"Minha consciência tem milhares de vozes.
E cada voz me traz milhares de histórias.
E em cada uma delas, sou o vilão condenado."
— *William Shakespeare
Jungkook estava, mais uma vez, obcecado pelo diário do lobo demônio. Sentia-se impelido a entender mais, a descobrir tudo. Mas, ao procurar na gaveta do criado-mudo, o objeto não estava lá.
O medo o invadiu de imediato. Se alguém tivesse pego o diário... se alguém descobrisse a fraqueza de Kim... Jungkook jamais se perdoaria.
Olhou ao redor freneticamente, até encontrar o diário sobre a cômoda.
— O que está fazendo aí? Nunca deixei isso à vista... Merda.

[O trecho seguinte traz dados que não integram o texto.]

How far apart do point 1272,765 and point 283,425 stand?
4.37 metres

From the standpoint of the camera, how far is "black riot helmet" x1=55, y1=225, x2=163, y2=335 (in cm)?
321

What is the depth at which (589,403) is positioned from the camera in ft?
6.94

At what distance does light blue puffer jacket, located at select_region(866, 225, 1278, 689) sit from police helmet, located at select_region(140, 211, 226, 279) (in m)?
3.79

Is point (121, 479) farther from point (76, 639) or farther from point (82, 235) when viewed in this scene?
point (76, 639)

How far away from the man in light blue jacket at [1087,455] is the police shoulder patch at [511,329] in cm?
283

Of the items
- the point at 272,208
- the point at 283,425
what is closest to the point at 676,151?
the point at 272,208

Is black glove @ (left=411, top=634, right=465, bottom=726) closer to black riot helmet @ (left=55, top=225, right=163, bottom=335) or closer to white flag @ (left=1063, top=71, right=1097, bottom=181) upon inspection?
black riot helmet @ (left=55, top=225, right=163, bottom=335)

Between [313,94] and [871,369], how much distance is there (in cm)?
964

Tudo indicava que alguém o havia manuseado. Tentou farejar algum cheiro estranho, mas tudo o que sentiu foi o aroma de papel envelhecido e tinta seca.
Abriu o diário. Precisava saber mais. A curiosidade era um veneno pulsando em suas veias.

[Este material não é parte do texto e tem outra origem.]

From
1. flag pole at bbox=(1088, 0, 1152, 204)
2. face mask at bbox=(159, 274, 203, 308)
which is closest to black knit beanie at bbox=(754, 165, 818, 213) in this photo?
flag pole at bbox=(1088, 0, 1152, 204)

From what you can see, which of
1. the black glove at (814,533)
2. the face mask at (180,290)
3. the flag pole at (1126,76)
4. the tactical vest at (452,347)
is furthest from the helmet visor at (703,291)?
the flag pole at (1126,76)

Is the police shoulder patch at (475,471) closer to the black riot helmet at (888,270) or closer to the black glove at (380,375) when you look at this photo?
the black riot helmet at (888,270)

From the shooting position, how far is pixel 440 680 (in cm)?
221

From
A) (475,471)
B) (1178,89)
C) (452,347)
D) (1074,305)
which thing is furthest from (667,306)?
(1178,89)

Uma página estava rasgada e suja de sangue. O nome “Kim Yugyeom” era a única coisa legível.
— O que aconteceu com ele?
Era um mistério que corroía a mente de Jeon.

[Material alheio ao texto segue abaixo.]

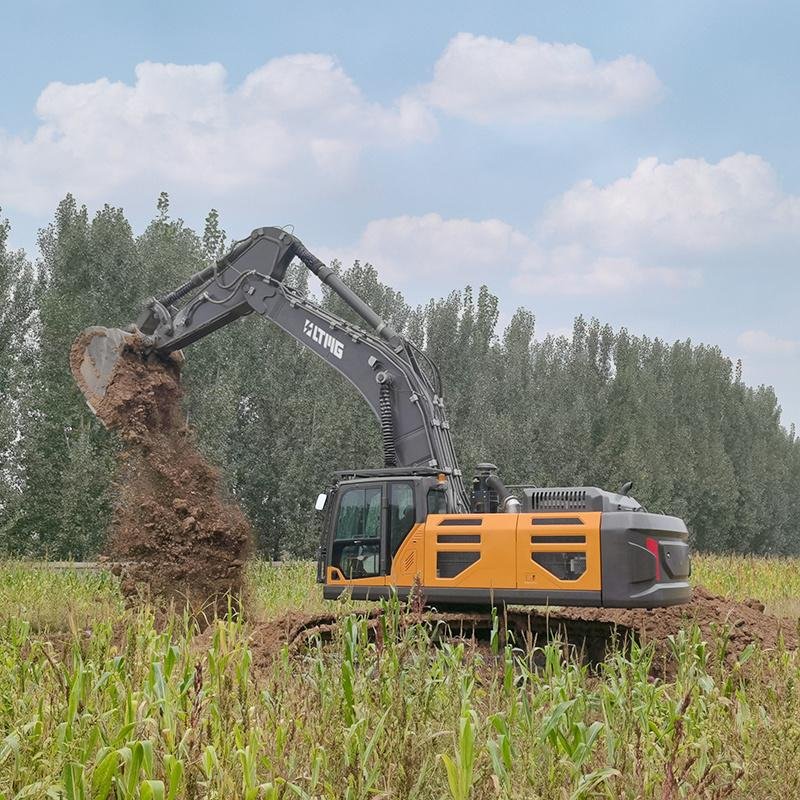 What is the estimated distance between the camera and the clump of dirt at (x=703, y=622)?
8.41 metres

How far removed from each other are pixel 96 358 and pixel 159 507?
195 centimetres

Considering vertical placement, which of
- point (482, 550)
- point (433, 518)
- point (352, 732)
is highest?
point (433, 518)

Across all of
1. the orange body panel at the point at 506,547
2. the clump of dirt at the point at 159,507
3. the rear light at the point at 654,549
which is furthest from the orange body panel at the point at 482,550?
the clump of dirt at the point at 159,507

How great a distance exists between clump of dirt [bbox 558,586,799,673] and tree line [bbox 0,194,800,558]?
6204mm

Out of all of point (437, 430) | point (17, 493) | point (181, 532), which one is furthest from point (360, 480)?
point (17, 493)

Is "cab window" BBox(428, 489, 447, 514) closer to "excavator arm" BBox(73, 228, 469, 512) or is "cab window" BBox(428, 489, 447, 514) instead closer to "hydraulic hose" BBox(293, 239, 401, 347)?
"excavator arm" BBox(73, 228, 469, 512)

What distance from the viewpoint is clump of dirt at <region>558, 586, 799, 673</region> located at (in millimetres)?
8414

Virou mais uma página. Havia um desenho de uma estrela — semelhante à Estrela de Davi. Abaixo, lia-se:
"Vocês se dizem cristãos, mas quando não seguem o vosso Deus, nos matam e nos chamam de hereges por termos nossas próprias crenças... Os tempos medievais já passaram."
Aquilo não sairia da cabeça de Jungkook tão cedo.
— Hereges? Igreja? O que tudo isso tem a ver com Taehyung? — pensou, confuso.
Deixou o diário de lado. Tinha outro plano agora — finalmente mostraria a música que compôs para seu amado lobo demônio. Havia colocado todo o seu coração nela.
[...]
Ao cantar, Jungkook viu as lágrimas escorrerem pelo rosto de Taehyung. Por um instante, ficou alarmado.
— Tae... eu fiz algo errado? — perguntou preocupado.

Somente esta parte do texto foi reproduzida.